Eleventh Circuit Splits with Second and Holds That Contempt Order Without Sanctions Is Not An Appealable Final Order

Declaring a split with the Second Circuit, the Eleventh Circuit in In re Grand Jury Subpoena, FGJ-21-01-MIA, No. 21-13651 (11th Cir Jan. 31, 2023) holds that when a district court holds a party in civil contempt for failing to comply with a subpoena but enters no sanctions, the order is not an appealable final order.

“The government served Appellant with three subpoenas directed at three business entities for which he is the document custodian.” The party sought to quash, arguing Fifth Amendment privilege, but the “district court denied Appellant’s motion and, since Appellant refused to comply with the subpoenas, found Appellant in civil contempt.
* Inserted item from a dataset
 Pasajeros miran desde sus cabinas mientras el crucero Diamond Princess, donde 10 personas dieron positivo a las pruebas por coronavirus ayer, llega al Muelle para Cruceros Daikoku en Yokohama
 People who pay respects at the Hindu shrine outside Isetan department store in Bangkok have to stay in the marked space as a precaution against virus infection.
The district court stayed issuance of sanctions pending appeal.”

The panel holds that the contempt finding alone was not final and appealable. “We have held that contempt citations do not satisfy the final judgment rule unless there is both a finding of contempt and a noncontingent order of sanctions.” Yet the panel noted the Supreme Court’s decision in United States v. Ryan, 402 U.S. 530, 532 (1971), appeared to endorse the party’s ability to appeal in order to “contest the validity of the subpoena if he is subsequently cited for contempt on account of his failure to obey.”
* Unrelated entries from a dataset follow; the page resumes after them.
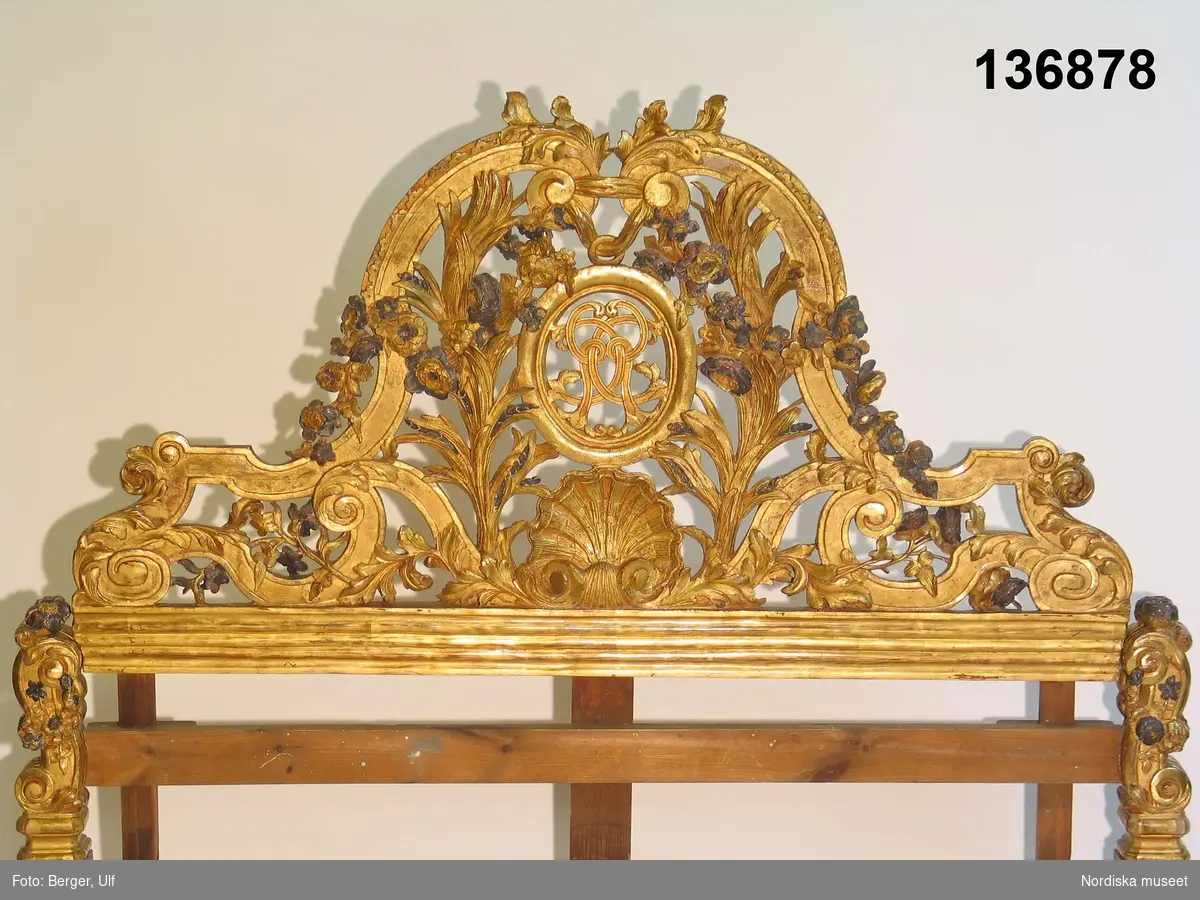 Huvudliggaren:
"Säng, himmelssäng, av förgyllt trä, rikt skulpterad. Till sängen höra 6 amoriner och 4 kronliknande prydnader. Å gaveln 'C G' i spegelmonogram. Till sängen gjordes 1919 järntenarna till himmeln. Tillhört Carl Gyllenstjerna (1649-1723) till Steninge.
Inköpt på Bukowskis konsthandel, auktion nr 188." (Rättelse: Bukowskis auktion nr 226, 28-29 september 1920, auktionsnr 188/Anna Womack 2007).
G. 30/9 1920 från Nordiska museets vänner."

Bilaga: 
Utdrag ur Bukowskis katalog: 
"188. Säng, tvåmans, i rikt skulpteradt och förg. trä. vid öfre ändan öfverstycke af bandornament med bladverk, blomsterguirlander, mussla och oval ram med monogram CG (=Carl Gustaf Gyllenstierna). Vid fotändan två upprätt sittande gripar, hållande små ornamenterade sköldar. Fötterna skulpterade i akantusmotiv. Sänghimmelstak bestående af tre skulpterade bågar, slutande i voluter och upptill brutna af akantusornament. På bågarna sex sittande putti i förg., svart och försilfradt trä. Fyra skulpterade krön i genombrutet arbete. Från Bogesunds slott. Tidigare å Steninge slott. I Buchard Preschts stil. Pl. [=Planch] 44."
Yet, according to the panel, “the Court did not contemplate the jurisdictional nuances of a sanction-less contempt order. Ryan and its progeny were not appeals of contempt citations at all; they were appeals of mere denials of motions to quash grand jury subpoenas. They thus do not purport to decide whether a civil contempt citation is directly appealable where the district court stays the consideration of sanctions pending appeal.”
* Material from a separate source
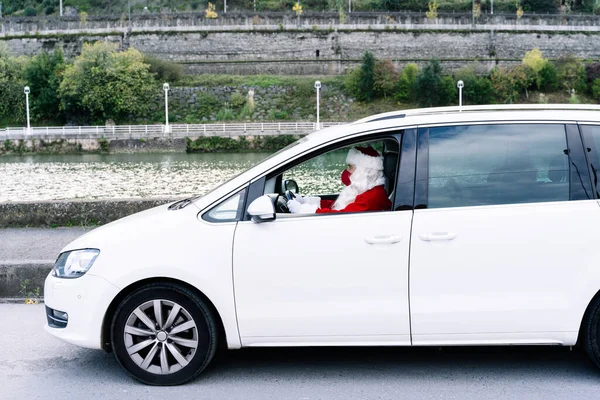 Santa Claus driving a car to deliver gifts to children with red face masks due to the covid19 coronavirus pandemic in Christmas 2020
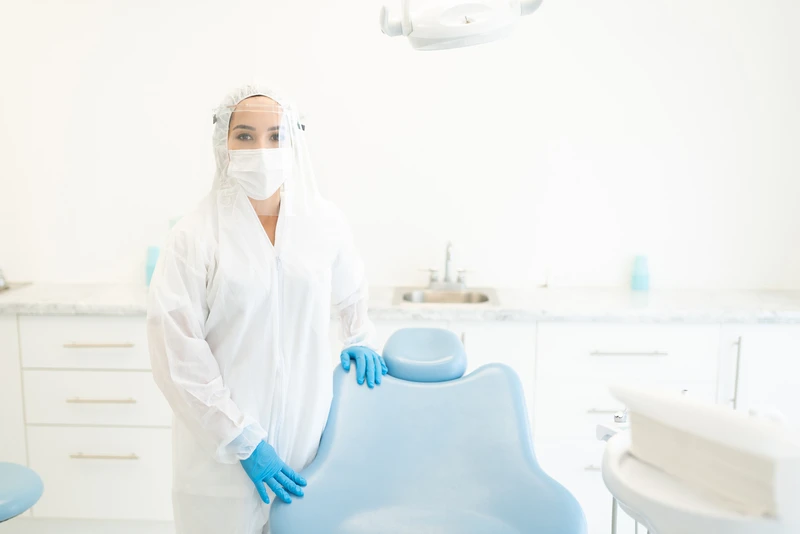 Female dentist wearing face shield and mask during coronavirus outbreak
“We also recognize that the Second Circuit has read Ryan differently, see In re Three Grand Jury Subpoenas, 847 F.2d 1024, 1027–28 (2d Cir. 1988), but we respectfully disagree. ‘A determination that contempt has occurred is not final if the question of sanctions is postponed. . . . Finality . . . requires determination of both liability and sanction, just as with ordinary civil and criminal proceedings.’ 15B Edward H. Cooper, Fed. Prac. & Proc. Jurisdiction § 3917 (2d ed, & June 2022 update).”

The proper answer, the panel notes, is for the district court to enter a sanction and then stay execution until after the appeal. “Such a procedure would still avoid piecemeal appeals and be consistent with the instruction to wait to appeal until there is ‘nothing for the [district] court to do but execute the judgment.’” The panel dismisses the appeal for lack of jurisdiction.